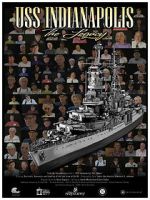 Watch USS Indianapolis: The Legacy Gomovies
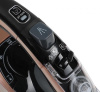 Утюг Tefal Ultimate Pure FV9845E0 розовый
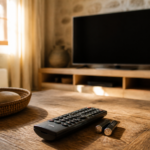 tv-che-non-risponde-al-telecomando:-come-trovare-la-causa-vera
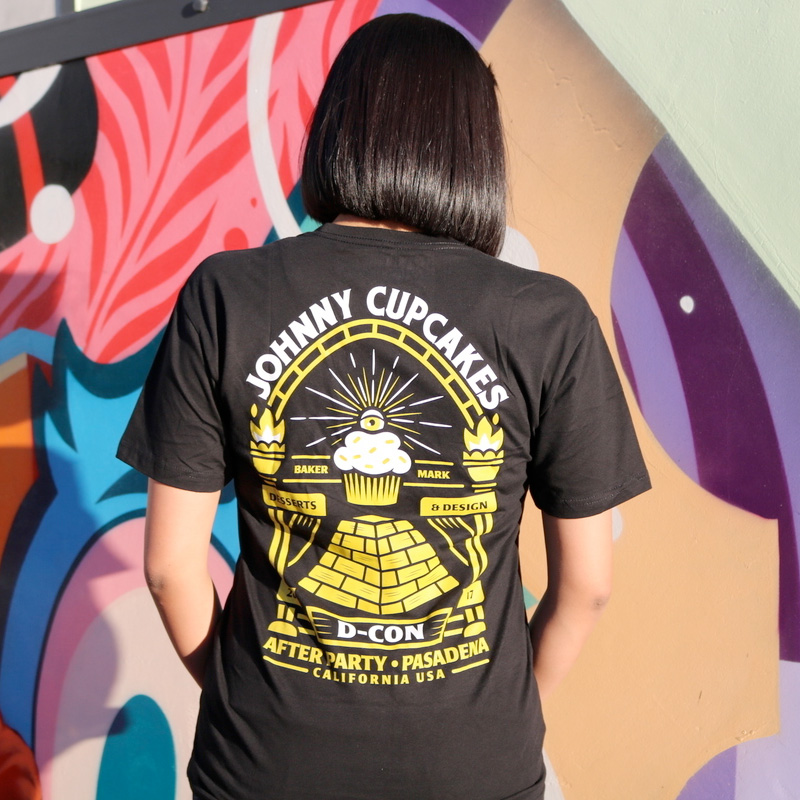 https://www.designercon.com/wp-content/uploads/2018/06/exapparel_17a.jpg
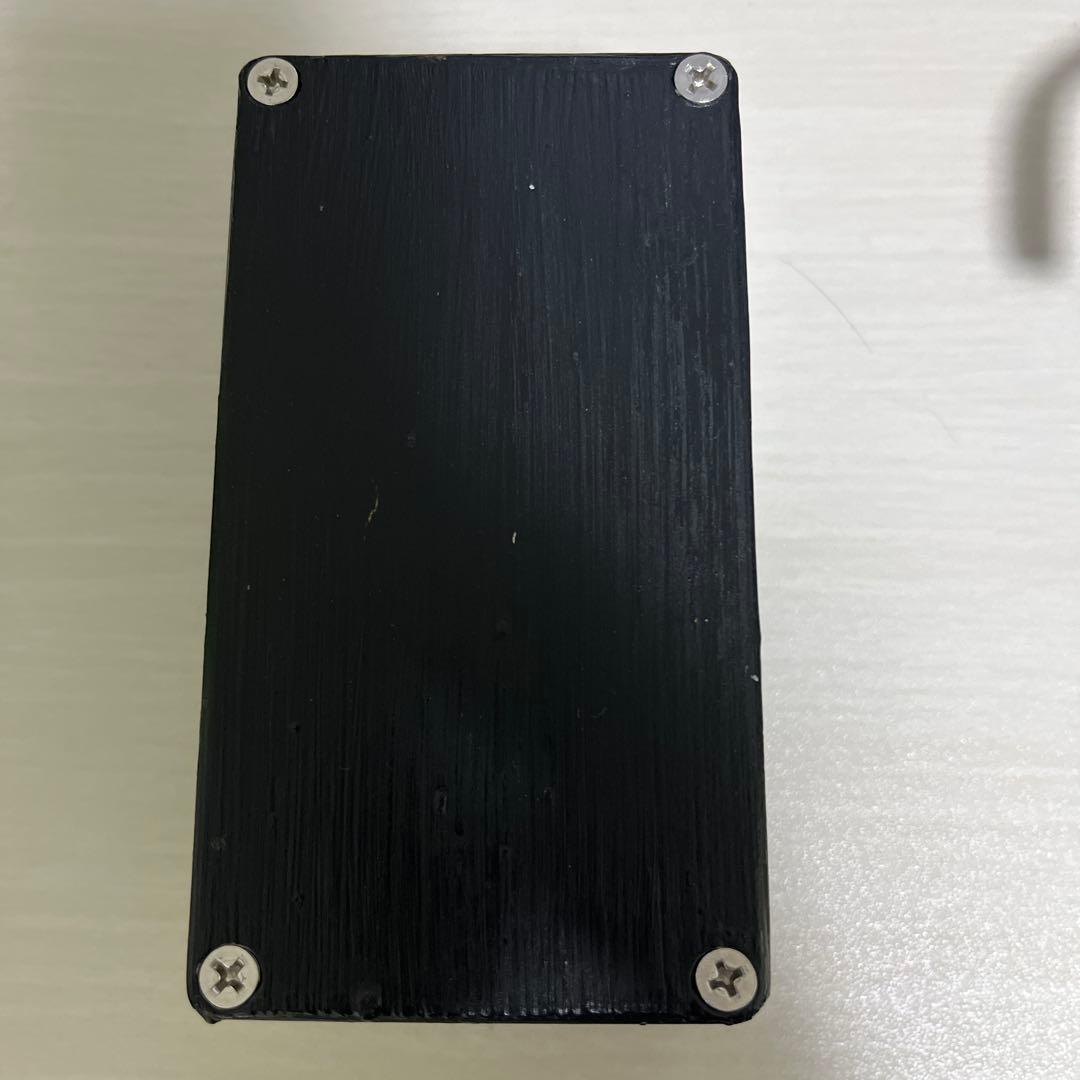 Petra Noa err ビルダーサイン入り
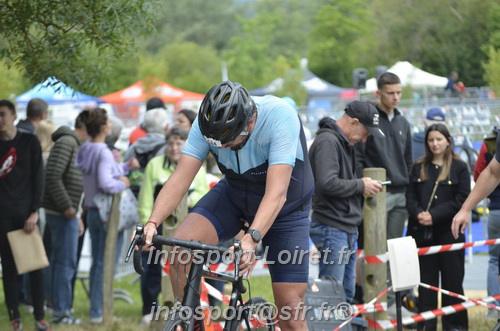 Vendome_2025_Triathlon_Samedi/TV_SAMEDI2025_02224.JPG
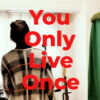 You Only Live Once / The Strokes covered by ITOI Akane
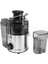 Portakal Narenciye Katı Meyve Sıkacağı Lumabella LB-53004 B-1006 3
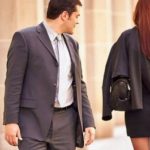 Pet stvari koju muškarci najviše vole kod žena
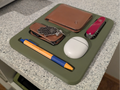 EDC Tray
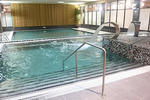 Herberton Apartments Dublin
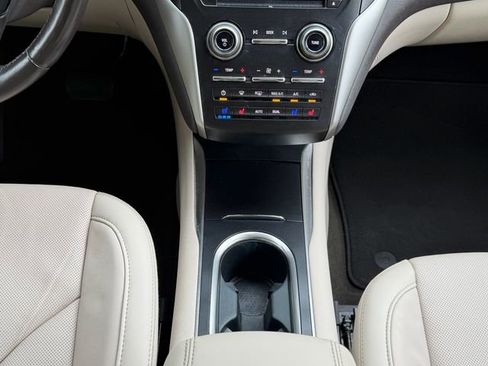 Used 2019 Lincoln MKC Reserve AWD/4WD image 20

######

• [Problem to work on] The records above, copied word for word without the pictures, are what should be output.

• [Response below]
 Watch USS Indianapolis: The Legacy Gomovies
 Утюг Tefal Ultimate Pure FV9845E0 розовый
 tv-che-non-risponde-al-telecomando:-come-trovare-la-causa-vera
 https://www.designercon.com/wp-content/uploads/2018/06/exapparel_17a.jpg
 Petra Noa err ビルダーサイン入り
 Vendome_2025_Triathlon_Samedi/TV_SAMEDI2025_02224.JPG
 You Only Live Once / The Strokes covered by ITOI Akane
 Portakal Narenciye Katı Meyve Sıkacağı Lumabella LB-53004 B-1006 3
 Pet stvari koju muškarci najviše vole kod žena
 EDC Tray
 Herberton Apartments Dublin
 Used 2019 Lincoln MKC Reserve AWD/4WD image 20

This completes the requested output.